The Declaration was taken further in a Joint Action Plan where both sides agreed to identify and develop ways of widening access and overcoming the barriers to dissemination of carbon-saving energy technologies in India and the EU and more widely; to increase funding and promote public-private partnerships for research and development of cleaner technologies; to promote adaptive research and development to suit the resource endowment of both parties; to reduce the price gap between "cleaner" and "less efficient" technologies by seeking economies of scale; to hold experts' meetings on climate change, including on the Clean Development Mechanism (CDM) in 2005. There is therefore an increasing focus on technology as the main way to address the climate change problem, particularly in the long-run. And it is also clear that international cooperation can help develop and disseminate climate-friendly technologies.



The main objective of this research is to assess the benefits and costs of possible self-enforcing technology-based international agreements involving the EU, China and India with the aim of stabilizing the long term atmospheric concentrations of GHGs. The specific objectives of the project are:

  • To provide a detailed description of the available energy/technology options that might significantly reduce GHG emissions in China and India and their relative costs in comparison with EU and other OECD members (the possibility of endogenous technological learning (ETL) and the competition for innovation, expected in a world adapting to a new technology environment, being also analyzed).

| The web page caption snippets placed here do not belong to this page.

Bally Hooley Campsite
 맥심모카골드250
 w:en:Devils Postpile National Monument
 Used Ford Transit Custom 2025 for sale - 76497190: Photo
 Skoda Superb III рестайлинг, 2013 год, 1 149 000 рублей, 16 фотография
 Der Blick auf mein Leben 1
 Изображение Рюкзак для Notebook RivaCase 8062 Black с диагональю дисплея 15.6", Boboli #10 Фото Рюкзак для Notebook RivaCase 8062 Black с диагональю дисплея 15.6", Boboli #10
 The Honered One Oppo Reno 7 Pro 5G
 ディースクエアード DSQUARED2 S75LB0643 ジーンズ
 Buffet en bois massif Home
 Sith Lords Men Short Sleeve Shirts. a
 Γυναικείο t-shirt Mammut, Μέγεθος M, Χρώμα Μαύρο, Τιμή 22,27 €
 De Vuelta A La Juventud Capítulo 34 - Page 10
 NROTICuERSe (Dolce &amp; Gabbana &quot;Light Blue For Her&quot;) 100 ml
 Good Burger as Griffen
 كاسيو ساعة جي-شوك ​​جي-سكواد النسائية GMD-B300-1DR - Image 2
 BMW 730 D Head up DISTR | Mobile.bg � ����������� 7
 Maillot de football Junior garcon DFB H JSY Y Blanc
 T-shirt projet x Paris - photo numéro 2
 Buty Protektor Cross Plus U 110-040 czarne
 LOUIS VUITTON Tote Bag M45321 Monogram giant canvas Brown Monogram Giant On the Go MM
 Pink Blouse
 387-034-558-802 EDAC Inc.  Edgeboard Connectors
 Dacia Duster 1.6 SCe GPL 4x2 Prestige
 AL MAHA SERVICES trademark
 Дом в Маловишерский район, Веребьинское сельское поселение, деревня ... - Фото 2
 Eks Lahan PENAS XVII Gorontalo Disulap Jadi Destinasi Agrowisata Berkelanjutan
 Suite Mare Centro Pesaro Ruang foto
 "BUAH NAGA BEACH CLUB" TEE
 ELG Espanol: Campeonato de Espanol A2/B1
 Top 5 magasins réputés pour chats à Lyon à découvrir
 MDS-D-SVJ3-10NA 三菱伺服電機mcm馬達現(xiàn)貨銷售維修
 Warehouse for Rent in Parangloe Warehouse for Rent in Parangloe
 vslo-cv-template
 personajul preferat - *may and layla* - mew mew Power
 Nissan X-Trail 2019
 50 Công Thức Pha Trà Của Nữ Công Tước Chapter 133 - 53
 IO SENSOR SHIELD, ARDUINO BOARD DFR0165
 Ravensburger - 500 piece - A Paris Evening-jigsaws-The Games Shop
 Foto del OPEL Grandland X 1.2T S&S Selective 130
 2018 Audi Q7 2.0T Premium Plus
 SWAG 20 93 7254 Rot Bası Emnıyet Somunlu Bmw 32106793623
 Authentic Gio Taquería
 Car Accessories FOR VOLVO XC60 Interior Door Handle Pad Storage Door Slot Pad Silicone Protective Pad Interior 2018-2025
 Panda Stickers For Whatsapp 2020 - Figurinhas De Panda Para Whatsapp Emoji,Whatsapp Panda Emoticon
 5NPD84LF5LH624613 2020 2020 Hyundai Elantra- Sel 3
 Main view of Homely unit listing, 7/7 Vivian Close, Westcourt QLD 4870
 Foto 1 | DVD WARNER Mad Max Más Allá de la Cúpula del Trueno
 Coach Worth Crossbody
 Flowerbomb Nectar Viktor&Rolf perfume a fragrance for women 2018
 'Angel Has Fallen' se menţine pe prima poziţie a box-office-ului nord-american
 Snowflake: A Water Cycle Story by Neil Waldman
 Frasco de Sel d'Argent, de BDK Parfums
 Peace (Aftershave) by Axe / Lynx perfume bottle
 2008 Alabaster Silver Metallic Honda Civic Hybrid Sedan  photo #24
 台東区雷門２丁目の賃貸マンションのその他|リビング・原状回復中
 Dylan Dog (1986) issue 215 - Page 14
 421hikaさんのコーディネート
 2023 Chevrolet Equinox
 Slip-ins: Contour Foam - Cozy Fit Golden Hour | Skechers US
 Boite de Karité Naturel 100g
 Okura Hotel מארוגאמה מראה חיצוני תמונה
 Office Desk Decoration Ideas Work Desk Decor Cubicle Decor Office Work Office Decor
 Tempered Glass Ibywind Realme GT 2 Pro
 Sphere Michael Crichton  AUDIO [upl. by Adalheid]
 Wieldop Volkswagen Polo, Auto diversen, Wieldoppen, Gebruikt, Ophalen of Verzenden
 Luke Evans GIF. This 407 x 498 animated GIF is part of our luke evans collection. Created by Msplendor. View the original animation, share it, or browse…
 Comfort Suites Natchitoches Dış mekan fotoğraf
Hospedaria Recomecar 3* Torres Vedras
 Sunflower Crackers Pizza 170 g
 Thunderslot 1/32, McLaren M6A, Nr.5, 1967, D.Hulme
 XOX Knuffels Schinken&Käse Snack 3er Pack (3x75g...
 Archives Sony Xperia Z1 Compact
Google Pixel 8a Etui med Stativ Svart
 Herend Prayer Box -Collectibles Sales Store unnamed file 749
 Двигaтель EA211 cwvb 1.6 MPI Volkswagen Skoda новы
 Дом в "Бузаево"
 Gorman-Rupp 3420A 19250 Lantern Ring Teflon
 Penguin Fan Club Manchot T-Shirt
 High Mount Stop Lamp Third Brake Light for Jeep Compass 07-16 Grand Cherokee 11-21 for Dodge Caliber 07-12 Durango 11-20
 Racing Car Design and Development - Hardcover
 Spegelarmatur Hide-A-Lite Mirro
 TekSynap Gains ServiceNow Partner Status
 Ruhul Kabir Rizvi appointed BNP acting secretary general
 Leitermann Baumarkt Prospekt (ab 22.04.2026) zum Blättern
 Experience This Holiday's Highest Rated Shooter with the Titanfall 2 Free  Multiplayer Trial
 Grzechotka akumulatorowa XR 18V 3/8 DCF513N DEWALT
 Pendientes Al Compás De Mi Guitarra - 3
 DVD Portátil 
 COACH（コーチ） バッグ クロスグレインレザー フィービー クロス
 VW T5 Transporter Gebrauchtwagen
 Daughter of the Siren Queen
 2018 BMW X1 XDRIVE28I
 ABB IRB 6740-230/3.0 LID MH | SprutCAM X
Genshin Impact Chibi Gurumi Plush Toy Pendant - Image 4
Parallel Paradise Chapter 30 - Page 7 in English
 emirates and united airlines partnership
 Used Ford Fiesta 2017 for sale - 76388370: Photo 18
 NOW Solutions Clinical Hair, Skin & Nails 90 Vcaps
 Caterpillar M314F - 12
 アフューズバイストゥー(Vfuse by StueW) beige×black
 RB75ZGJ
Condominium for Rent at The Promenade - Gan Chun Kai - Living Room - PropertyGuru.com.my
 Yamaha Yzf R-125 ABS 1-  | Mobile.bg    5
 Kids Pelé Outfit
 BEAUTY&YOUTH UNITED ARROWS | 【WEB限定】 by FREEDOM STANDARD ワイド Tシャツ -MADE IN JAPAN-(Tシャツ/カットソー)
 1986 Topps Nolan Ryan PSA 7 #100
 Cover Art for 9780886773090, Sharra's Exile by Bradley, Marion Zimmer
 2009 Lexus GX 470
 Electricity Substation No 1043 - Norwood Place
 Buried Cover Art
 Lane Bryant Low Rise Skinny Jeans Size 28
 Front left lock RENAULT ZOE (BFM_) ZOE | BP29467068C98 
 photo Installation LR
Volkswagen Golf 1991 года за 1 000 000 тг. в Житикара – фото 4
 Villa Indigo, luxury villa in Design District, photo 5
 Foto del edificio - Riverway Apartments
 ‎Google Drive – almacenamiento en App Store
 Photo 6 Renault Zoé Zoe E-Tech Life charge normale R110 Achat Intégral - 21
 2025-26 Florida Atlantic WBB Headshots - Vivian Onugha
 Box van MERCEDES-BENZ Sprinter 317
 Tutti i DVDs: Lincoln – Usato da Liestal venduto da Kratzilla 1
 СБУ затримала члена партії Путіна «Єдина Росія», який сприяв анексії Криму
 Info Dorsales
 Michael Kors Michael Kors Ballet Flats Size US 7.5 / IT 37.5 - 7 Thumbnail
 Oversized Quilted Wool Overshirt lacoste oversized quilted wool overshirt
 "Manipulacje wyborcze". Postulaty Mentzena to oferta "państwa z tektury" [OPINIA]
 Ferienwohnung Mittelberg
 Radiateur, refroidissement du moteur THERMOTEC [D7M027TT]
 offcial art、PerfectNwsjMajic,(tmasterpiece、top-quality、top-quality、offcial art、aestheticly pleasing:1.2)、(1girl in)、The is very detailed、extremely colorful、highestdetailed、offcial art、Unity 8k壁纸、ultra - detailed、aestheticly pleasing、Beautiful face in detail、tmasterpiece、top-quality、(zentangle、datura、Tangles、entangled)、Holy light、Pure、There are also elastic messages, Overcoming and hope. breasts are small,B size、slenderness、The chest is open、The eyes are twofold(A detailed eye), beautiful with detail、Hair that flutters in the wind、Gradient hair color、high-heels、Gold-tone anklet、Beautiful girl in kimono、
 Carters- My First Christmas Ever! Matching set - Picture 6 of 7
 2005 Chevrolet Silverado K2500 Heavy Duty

  • To define the possible self-enforcing international agreements on GHG emission abatement, taking into account their economic impacts, including terms of trade changes, as well as the possible gains of multilateral and bilateral collaborations, Clean Development Mechanisms (CDM) and international emission trading (IET) in order to stimulate RD&D cooperation and technology transfers toward China and India.
  • To promote capacity building for modeling activities in China and India. Researchers from China and India who joined this project will benefit from high level scientific cooperation with leading European researchers and will develop databases and models for China and India that will be fully compatible with the most recent developments in EU and America concerning BU and TD modeling for energy-environment policy analysis. This ensemble of compatible models will be of great help for the development of a consistent dialogue between the parties in post-Kyoto negotiations.